(Caption-style text data)
*****

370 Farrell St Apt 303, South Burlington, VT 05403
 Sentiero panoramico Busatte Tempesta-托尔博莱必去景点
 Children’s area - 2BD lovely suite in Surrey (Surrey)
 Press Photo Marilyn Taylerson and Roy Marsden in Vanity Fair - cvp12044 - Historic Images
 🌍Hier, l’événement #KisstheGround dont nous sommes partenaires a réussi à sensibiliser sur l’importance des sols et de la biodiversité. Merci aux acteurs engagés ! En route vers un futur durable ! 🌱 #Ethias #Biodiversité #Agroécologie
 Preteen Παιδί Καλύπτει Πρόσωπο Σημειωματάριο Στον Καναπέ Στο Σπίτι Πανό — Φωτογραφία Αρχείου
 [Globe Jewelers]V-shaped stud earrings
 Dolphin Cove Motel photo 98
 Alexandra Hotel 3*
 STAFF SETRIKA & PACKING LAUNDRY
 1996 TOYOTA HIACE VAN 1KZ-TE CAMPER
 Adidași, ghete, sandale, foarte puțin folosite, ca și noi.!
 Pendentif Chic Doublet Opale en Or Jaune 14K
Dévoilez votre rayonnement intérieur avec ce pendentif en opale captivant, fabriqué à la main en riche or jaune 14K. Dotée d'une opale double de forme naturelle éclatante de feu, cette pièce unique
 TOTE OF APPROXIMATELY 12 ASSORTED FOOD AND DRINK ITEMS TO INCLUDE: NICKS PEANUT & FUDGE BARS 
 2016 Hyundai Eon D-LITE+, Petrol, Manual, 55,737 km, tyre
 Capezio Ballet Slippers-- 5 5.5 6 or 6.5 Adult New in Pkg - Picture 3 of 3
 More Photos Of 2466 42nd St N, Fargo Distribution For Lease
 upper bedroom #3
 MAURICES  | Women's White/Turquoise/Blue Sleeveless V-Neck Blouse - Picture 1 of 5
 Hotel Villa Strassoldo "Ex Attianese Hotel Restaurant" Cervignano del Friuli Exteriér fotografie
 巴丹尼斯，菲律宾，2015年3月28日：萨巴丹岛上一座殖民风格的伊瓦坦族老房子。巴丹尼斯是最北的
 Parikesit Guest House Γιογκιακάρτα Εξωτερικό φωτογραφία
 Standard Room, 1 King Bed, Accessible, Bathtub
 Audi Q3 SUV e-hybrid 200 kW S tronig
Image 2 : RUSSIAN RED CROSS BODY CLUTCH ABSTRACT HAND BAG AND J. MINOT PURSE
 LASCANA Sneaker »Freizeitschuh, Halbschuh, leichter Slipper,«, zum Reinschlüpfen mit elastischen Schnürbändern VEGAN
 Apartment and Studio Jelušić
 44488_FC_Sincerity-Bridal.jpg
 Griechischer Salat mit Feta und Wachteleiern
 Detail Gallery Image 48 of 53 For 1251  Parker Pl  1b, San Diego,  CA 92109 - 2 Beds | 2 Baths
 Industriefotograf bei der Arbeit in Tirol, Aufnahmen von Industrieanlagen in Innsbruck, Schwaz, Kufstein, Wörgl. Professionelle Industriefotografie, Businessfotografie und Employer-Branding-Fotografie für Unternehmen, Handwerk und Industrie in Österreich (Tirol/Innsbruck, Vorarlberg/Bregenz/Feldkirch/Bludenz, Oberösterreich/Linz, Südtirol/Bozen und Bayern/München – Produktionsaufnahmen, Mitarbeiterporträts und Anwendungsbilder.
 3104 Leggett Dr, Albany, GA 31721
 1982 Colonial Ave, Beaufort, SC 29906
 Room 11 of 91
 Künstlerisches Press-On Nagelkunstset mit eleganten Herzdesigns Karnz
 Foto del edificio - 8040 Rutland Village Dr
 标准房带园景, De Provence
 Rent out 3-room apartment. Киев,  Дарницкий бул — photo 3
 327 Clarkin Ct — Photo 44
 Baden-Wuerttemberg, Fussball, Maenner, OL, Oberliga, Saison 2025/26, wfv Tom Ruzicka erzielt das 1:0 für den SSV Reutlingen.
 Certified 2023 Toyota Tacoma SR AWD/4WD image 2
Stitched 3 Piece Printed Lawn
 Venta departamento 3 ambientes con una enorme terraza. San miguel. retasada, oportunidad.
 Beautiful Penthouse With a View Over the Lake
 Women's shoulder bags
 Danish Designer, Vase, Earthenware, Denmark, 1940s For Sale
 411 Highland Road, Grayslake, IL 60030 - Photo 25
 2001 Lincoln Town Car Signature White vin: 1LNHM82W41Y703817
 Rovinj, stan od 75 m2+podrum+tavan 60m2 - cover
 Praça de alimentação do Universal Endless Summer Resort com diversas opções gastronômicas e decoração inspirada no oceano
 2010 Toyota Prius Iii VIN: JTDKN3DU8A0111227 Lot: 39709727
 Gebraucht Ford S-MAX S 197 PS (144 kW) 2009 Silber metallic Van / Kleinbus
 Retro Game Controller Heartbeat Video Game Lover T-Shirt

*****

## TASK TO CARRY OUT
Starting at the line that has "Picture 1 of 5" and ending at the line that has "Audi Q3 SUV e-hybrid 200 kW S tronig", please write out the lines above exactly, leaving out all others.

## YOUR SOLUTION
 MAURICES  | Women's White/Turquoise/Blue Sleeveless V-Neck Blouse - Picture 1 of 5
 Hotel Villa Strassoldo "Ex Attianese Hotel Restaurant" Cervignano del Friuli Exteriér fotografie
 巴丹尼斯，菲律宾，2015年3月28日：萨巴丹岛上一座殖民风格的伊瓦坦族老房子。巴丹尼斯是最北的
 Parikesit Guest House Γιογκιακάρτα Εξωτερικό φωτογραφία
 Standard Room, 1 King Bed, Accessible, Bathtub
 Audi Q3 SUV e-hybrid 200 kW S tronig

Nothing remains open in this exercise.